Well, it didn’t. The cartoon artwork throughout looked like they were hoping to ride the coattails of the Stones’ “Harlem Shuffle” video, and there was just the barest tie-in to the Highlander film with a single line on the back cover. The whole thing was just plain garish, even for them, and considering the year in which it appeared.

“One Vision” would have been better served had they started with those classic Brian May chords then the mysterious-sounding intro that kills a full minute. It’s not a bad tune, even with the “fried chicken” joke at the end. The title track continues the “one” theme in the lyrics, and is pretty harmless, especially compared to the rest of the album, starting with “One Year Of Love”. This is execrable adult contemporary, right in line with other hits of the time, complete with the same saxophone player from “Careless Whisper” and strings played first on synthesizer and then on real instruments. “Pain Is So Close To Pleasure” is dominated by Freddie’s unflattering falsetto throughout; he might have been going for Motown, but it sounds more like the worst parts of Hot Space. Brian remembered he played guitar in time for “Friends Will Be Friends”, another attempt at a grand singalong, forgetting that they’d only ended up combining and diluting “You’re My Best Friend” and “Somebody To Love”. (John Deacon had a hand in the last three, so maybe he was having a tough year.)

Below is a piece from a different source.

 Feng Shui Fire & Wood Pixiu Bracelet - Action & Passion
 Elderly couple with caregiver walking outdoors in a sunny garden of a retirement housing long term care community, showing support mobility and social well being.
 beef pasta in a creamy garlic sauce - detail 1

Side two is most closely connected with the movie, which would only be obvious to those who’d seen it. “Who Wants To Live Forever” has another orchestra for extra pomp, and the song only works once the drums come in. After several seconds of Brian trying to out-hammer Eddie Van Halen, “Gimme The Prize” is helpfully titled “Kurgan’s Theme” after the villain, and his voice can be heard quoting Def Leppard’s “Rock Of Ages” in the many samples heard among the heavy metal tropes. Roger Taylor is responsible for “Don’t Lose Your Head”; apparently he was content to program a drum machine, and somebody roped in Joan Armatrading to intone the title a few times. “Princes Of The Universe” ends a mostly loud album with a lot of bombast, but nothing really original.

As a soundtrack, A Kind Of Magic is no better than Flash Gordon, and as a Queen album, it’s a disappointment. Yet somehow the album has since made it to rank on several classic albums lists. The original CD had extras in the form of extended mixes of “A Kind Of Magic” and “Friends Will Be Friends”, as well as a solo piano instrumental of “Who Wants To Live Forever”. The 1991 CD added only that last track, plus an extended mix of “One Vision”. Two decades later, the third version added “Forever” and the extended “Friends”, the movie mix of “A Kind Of Magic”, single mixes of “Pain Is Close To Pleasure” and “One Vision”, plus a demo of the latter and a live version from their 1986 concerts at Wembley.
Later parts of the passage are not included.